Our best thoughts come from others.
Great geniuses have the shortest biographies.
When we quarrel, how we wish we had been blameless.
There is a blessed necessity by which the interest of men is always driving them to the right; and, again, making all crime mean and ugly.
Every burned book enlightens the world.
Every hero becomes a bore at last.
The reason why men do not obey us, is because they see the mud at the bottom of our eye.
The man of genius inspires us with a boundless confidence in our own powers.
The reason why the world lacks unity, and lies broken and in heaps, is, because man is disunited with himself.
A man builds a fine house; and now he has a master, and a task for life: he is to furnish, watch, show it, and keep it in repair, the rest of his days.
The civilized man has built a coach, but has lost the use of his feet.
Doing well is the result of doing good. That's what capitalism is all about.
A man is usually more careful of his money than he is of his principles.
Shallow men believe in luck. Strong men believe in cause and effect.
Genius always finds itself a century too early.

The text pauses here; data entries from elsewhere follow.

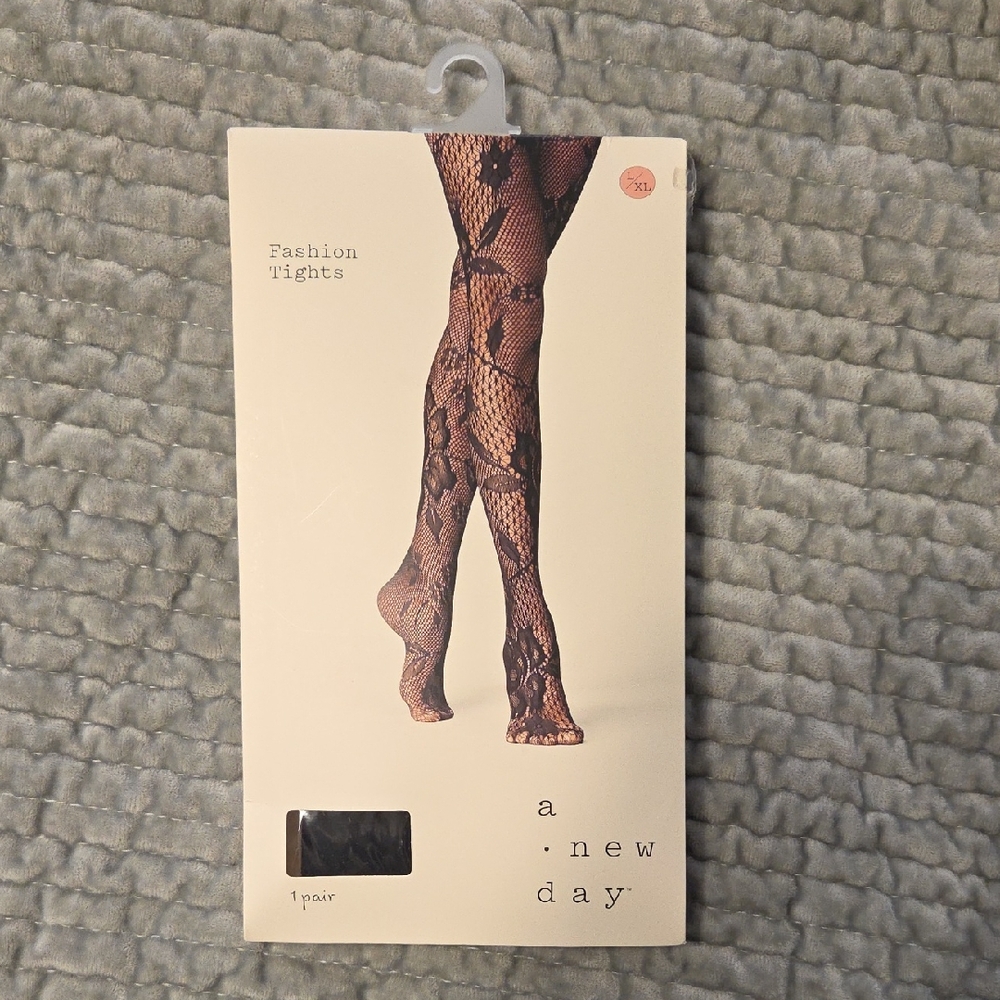 A New Day Patterned Tights
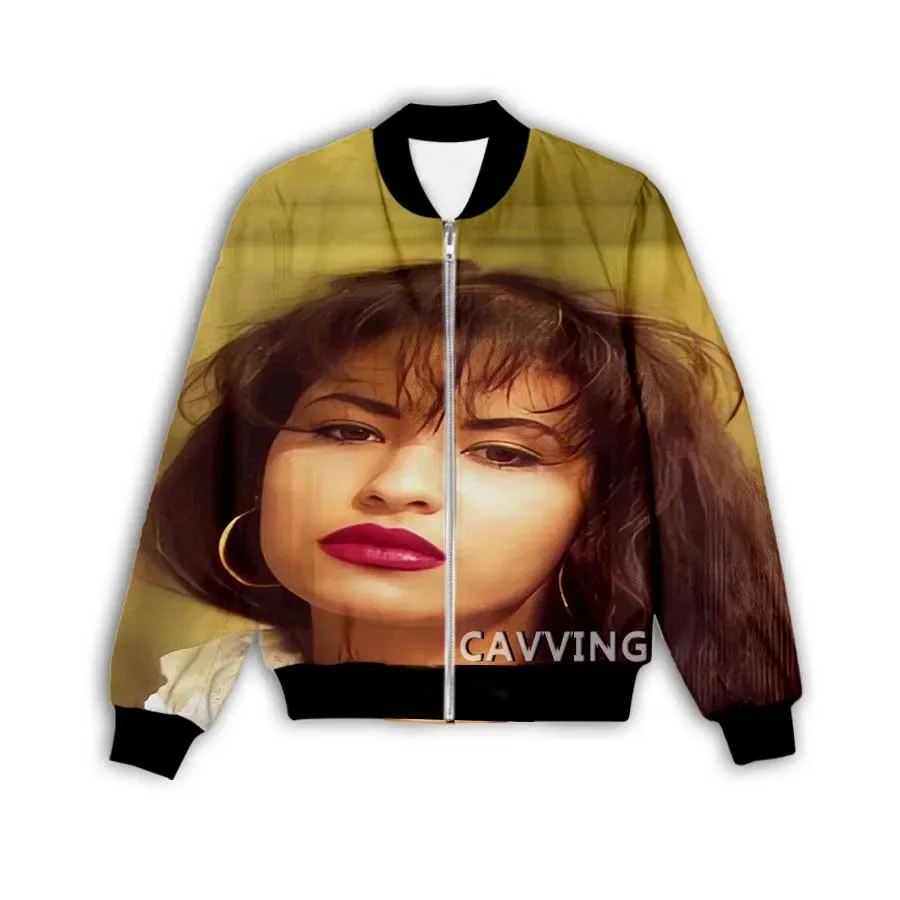 Новая модная женская/мужская куртка-бомбер на молнии с 3D принтом Селена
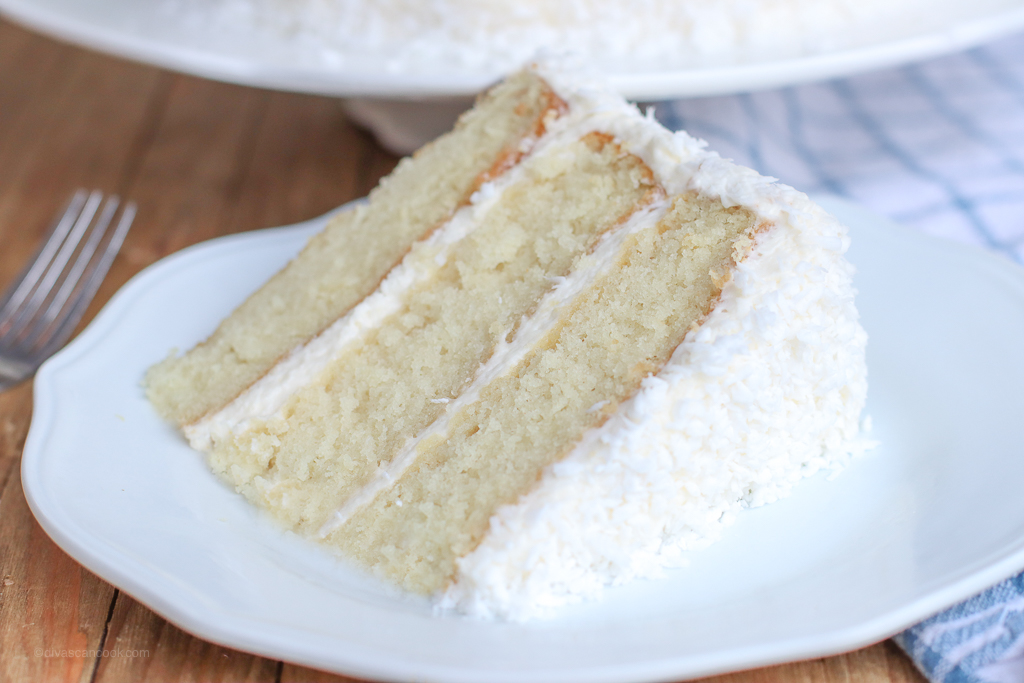 southern coconut cream cake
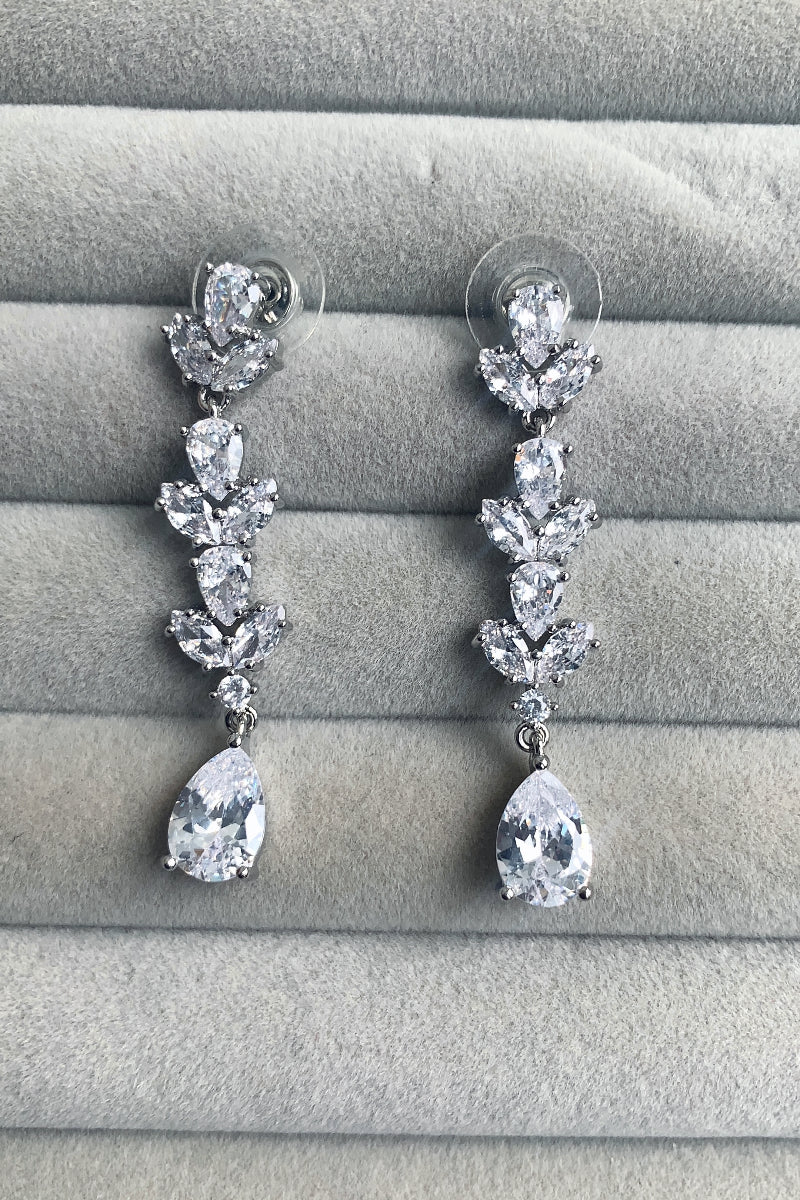 IVY CRYSTAL BRIDAL DROP EARRINGS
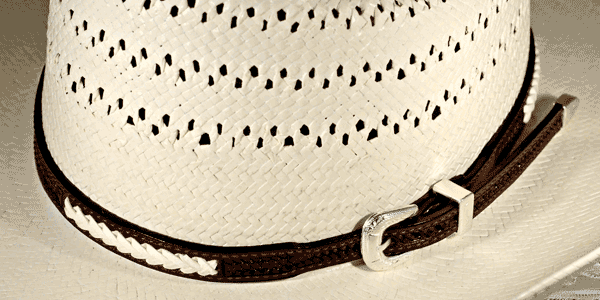 White Stitched Cowboy Hat, Accessories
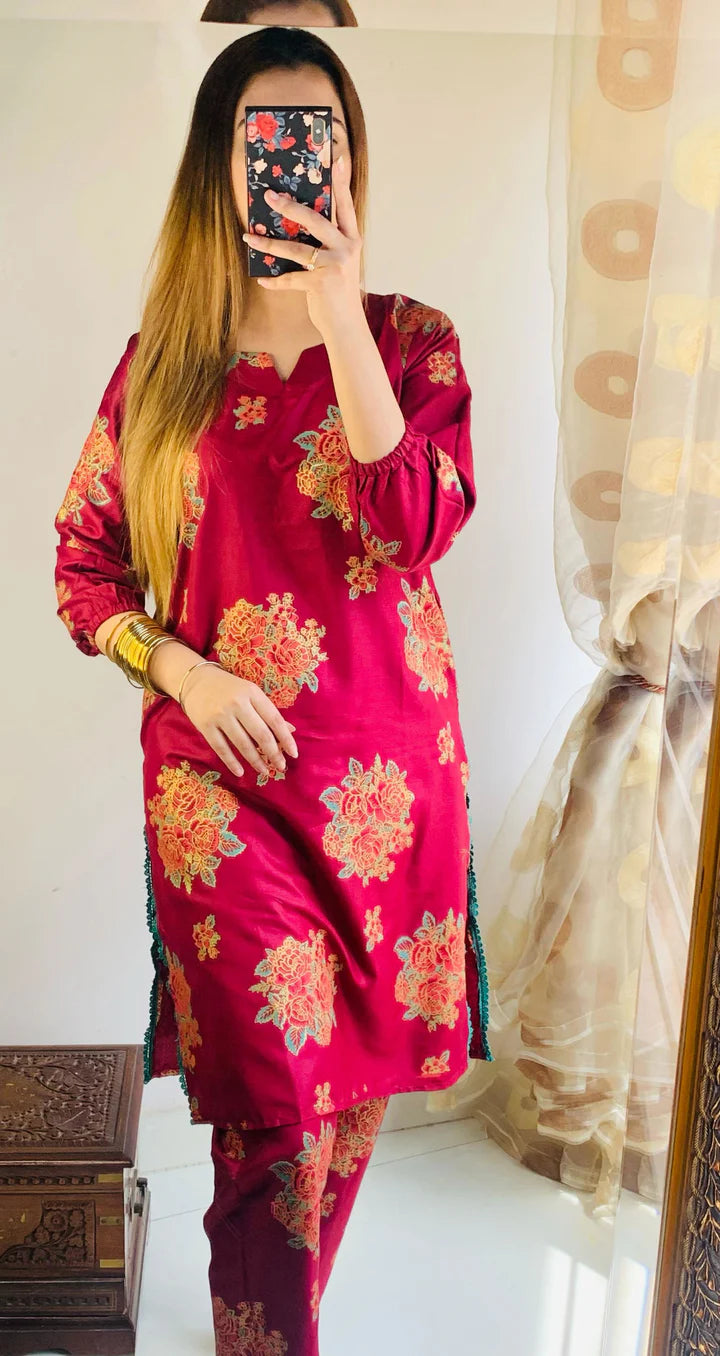 Stitched Chunri Style 2Pc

Wherever the invitation of men or your own occasions lead you, speak the very truth, as your life and conscience teach it, and cheer the waiting, fainting hearts of men with new hope and new revelation.
Our chief want is someone who will inspire us to be what we know we could be.
A chief event of life is the day in which we have encountered a mind that startled us.
Every mind must make its choice between truth and repose. It cannot have both.
It is my desire, in the office of a Christian minister, to do nothing which I cannot do with my whole heart. Having said this, I have said all.